HBase storage engine
Contents
Data mapping from HBase to SQL
Hbase data model and operations
1.1 HBase data model
- An HBase table consists of rows, which are identified by row key.
- Each row has an arbitrary (potentially, very large) number of columns.
- Columns are split into column groups, column groups define how the columns are stored (not reading some column groups is an optimization).
- Each (row, column) combination can have multiple versions of the data, identified by timestamp.
1.2 Hbase read operations
HBase API defines two ways to read data:
- Point lookup: get record for a given row_key.
- Point scan: read all records in [startRow, stopRow) range.
Both kinds of scans allow to specify:
- A column family we're interested in
- A particular column we're interested in
The default behavior for versioned columns is to return only the most recent version. HBase API also allows to ask for
- versions of columns that were valid at some specific timestamp value;
- all versions that were valid within a specifed [minStamp, maxStamp) interval.
- N most recent versions We'll refer to the above as [VersionedDataConds].
One can see two ways to map HBase tables to SQL tables:
2. Per-row mapping
Let each row in HBase table be mapped into a row from SQL point of view:
SELECT * FROM hbase_table; row-id column1 column2 column3 column4 ... ------ ------- ------- ------- ------- row1 data1 data2 row2 data3 row3 data4 data5
The problem is that the set of columns in a HBase table is not fixed and is potentially is very large. The solution is to put all columns into one blob column and use Dynamic Columns (http://kb.askmonty.org/en/dynamic-columns) functions to pack/extract values of individual columns:
row-id dyn_columns ------ ------------------------------ row1 {column1=data1,column2=data2} row2 {column3=data3} row3 {column1=data4,column4=data5}
2.2 Mapping definition
Table DDL could look like this:
CREATE TABLE hbase_tbl_rows ( row_id BINARY(MAX_HBASE_ROWID_LEN), columns BLOB, PRIMARY KEY (row_id) ) ENGINE=hbase_row;
(TODO: Does Hbase have MAX_HBASE_ROWID_LEN limit? What is it?)
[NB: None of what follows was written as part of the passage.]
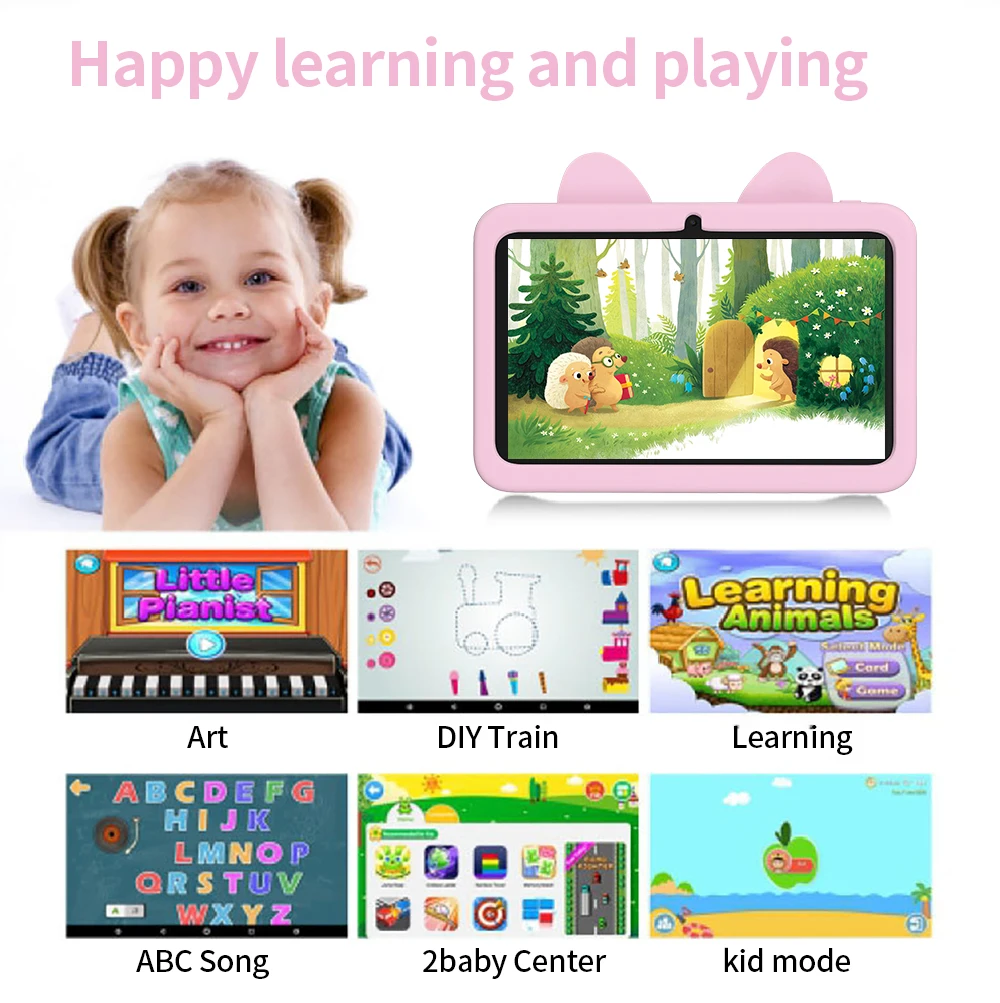 2025-nouvelle coque de dessin animé 7.0 tablette Android adaptée aux enfants comme cadeau 4 Go + 64 Go système Android 9 4000 mAh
The `columns` blob will hold values (and names) for all columns.
Access to name/value of individual columns is to be done with dynamic column functions (see http://kb.askmonty.org/en/dynamic-columns).
Functions for reading data:
COLUMN_GET(dynamic_column, column_nr as type) COLUMN_EXISTS(dynamic_column, column_nr); COLUMN_LIST(dynamic_column);
Functions for data modification:
COLUMN_ADD(dynamic_column, column_nr, value [as type], ...) COLUMN_DELETE(dynamic_column, column_nr, column_nr, ...);
2.2.1 Problems to be solved
Dynamic column functions cannot be used as-is:
- Currently, Dynamic Columns functions use integer numbers to identify columns (see 'column_nr' in parameters above). HBase identifies columns by names, and there is no way to get a full list of used column names.
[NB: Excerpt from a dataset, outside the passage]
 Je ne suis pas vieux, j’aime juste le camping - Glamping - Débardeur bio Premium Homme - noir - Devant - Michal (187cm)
- There is no way to request "all columns from within a certain column family", while that is allowed by the HBase API.
- There is no apparent way to access versioned data (see [VersionedDataConds] above). One possible solution is to have global/session @@hbase_timestamp variables, which will affect all queries.
2.3 Queries in per-row mapping
- Point-select: SELECT COLUMN_GET(hbase_tbl.columns, 'column_name' AS INTEGER) FROM hbase_tbl WHERE row_id='hbase_row_id';
- Range select:
- (the example uses BETWEEN but we will support arbitrary predicates) SELECT COLUMN_GET(hbase_tbl.columns, 'column_name' AS INTEGER) FROM hbase_tbl WHERE row_id BETWEEN 'hbase_row_id1' AND 'hbase_row_id2';
- Update a column UPDATE hbase_tbl SET columns=COLUMN_ADD(columns, 'column_name', 'value');
- Add a column UPDATE hbase_tbl SET columns=COLUMN_ADD(columns, 'column_name', 'value');
- Insert a row with a column INSERT INTO hbase_tbl (row_id, columns) VALUES ('hbase_row_id', COLUMN_CREATE('column_name', 'column-value'));
Q: It's not clear how to access versioned data? Can we go without versioned data for the first milestone? (and then, use global @@hbase_timestamp for the second milestone?)
Q: It's not clear how to select "all columns from column family X".